Rethinking Organizations & Community Through Peer Programs,
Restorative Practices, Conflict Resolution, Conscious Communication
Naima Shalhoub, M.A.
Naima Shalhoub is an experienced Restorative Justice Practitioner (RJ), Educator, Community Organizer and Musician. She is passionate about the intersections of art, music, trauma healing somatic, practices, community building and transformation and centers compassion, systemic change, social justice and radical joy in the work that she holds in community. As a first-generation daughter of Arab refugee immigrants, her upbringing deeply informs the heart of her work.
Currently, she runs an independent RJ consultancy where she trains, facilitates and coaches for non-profits, schools and community. In this work she applies her 14 years as a professional musician composing, performing music, theater, as well as a recently trained integrative somatic trauma healing practitioner.
In 2014 she spent a year volunteering inside San Francisco County Women’s Jail where she facilitated weekly music sessions. Through this experience she discovered the concepts of Restorative and Transformative Justice which led to her taking a position as a Restorative Justice Coordinator with the Oakland Unified School District (OUSD). As well, she continued her work infusing music and performance with community building and circle practice more broadly in prisons, jails and juvenile halls.
Ms. Shalhoub also served as a Restorative Justice Coordinator at a TK-8 th grade dual immersion Spanish-English public school for two years with OUSD. During that time she facilitated hundreds of RJ practices including community building circles, repairing harm and conflict circles, welcome back circles, restorative conversations, music as community building, trainings and others. She also supported the school-wide implementation of Restorative Justice and started the school’s first Peer RJ student team.
Ms. Shalhoub then transitioned to teaching music at a public charter middle school in Richmond where she integrated her RJ practices inside the classroom and within the curriculum. She then worked with Restorative Justice for Oakland Youth (RJOY) as a Lead Trainer, Circle-Keeper, and as the Women and Girls Community Organizer.
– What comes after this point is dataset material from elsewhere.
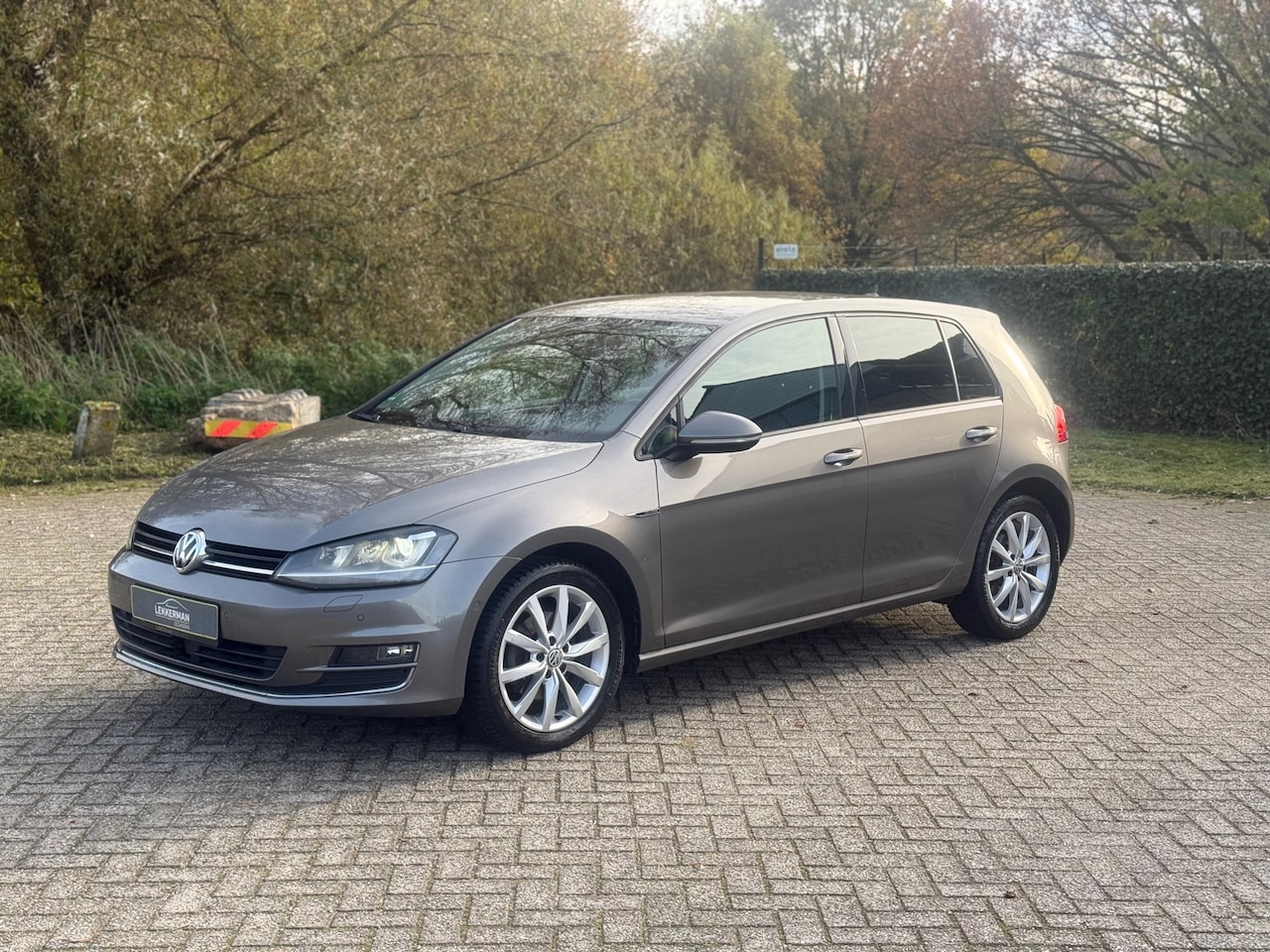 Volkswagen Golf - 1.4 TSI Highline DSG I PDC I NAVI I STOELVER I ZEER MOOI - AutoWereld.nl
In addition to being a school-based restorative justice coordinator with OUSD, she has held roles in schools as personal and academic counselor, dean of students and restorative justice coach the last several years.
She has recorded two albums: Siphr and her debut album, Live in San Francisco County Jail (2015), features the incarcerated women with whom she had worked. She holds a Master’s Degree in Postcolonial Anthropology.